BEGIN

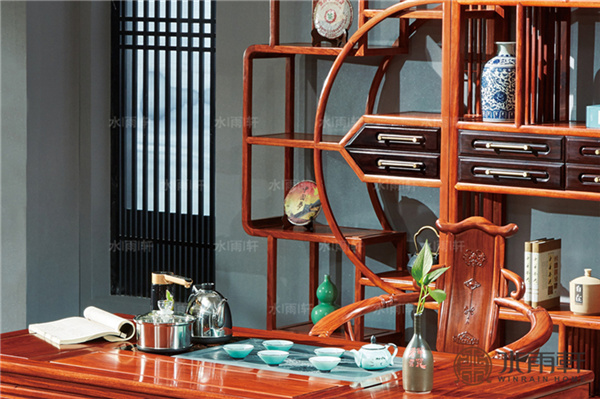 水雨(yǔ)軒(xuān)紅木(mù)茶(chá)台 水(shuǐ)雨軒紅木茶台(tái)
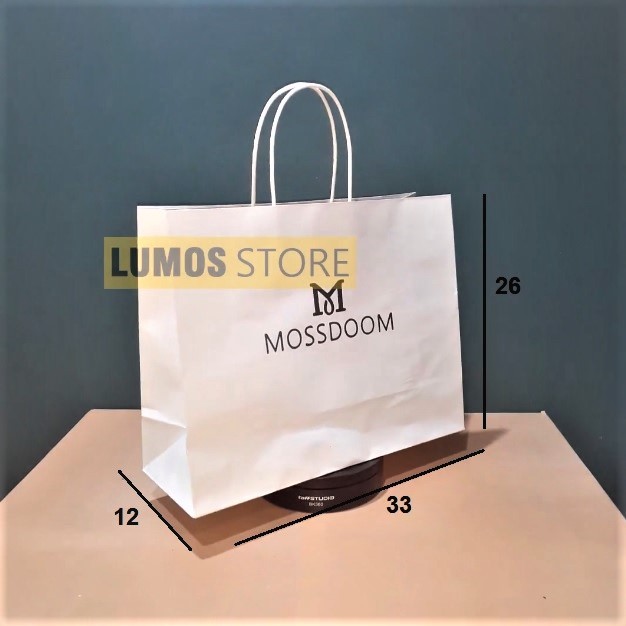 

Paper bag Mossdoom medium 2 sisi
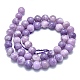 Lepidolita natural / hebras de perlas de piedra de mica púrpura G-M353-A01-8mm-2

END

ASSIGNMENT | Write the material above out again exactly as it reads, but don't carry over the pictures.

REPLY |
 水雨(yǔ)軒(xuān)紅木(mù)茶(chá)台 水(shuǐ)雨軒紅木茶台(tái)

Paper bag Mossdoom medium 2 sisi
 Lepidolita natural / hebras de perlas de piedra de mica púrpura G-M353-A01-8mm-2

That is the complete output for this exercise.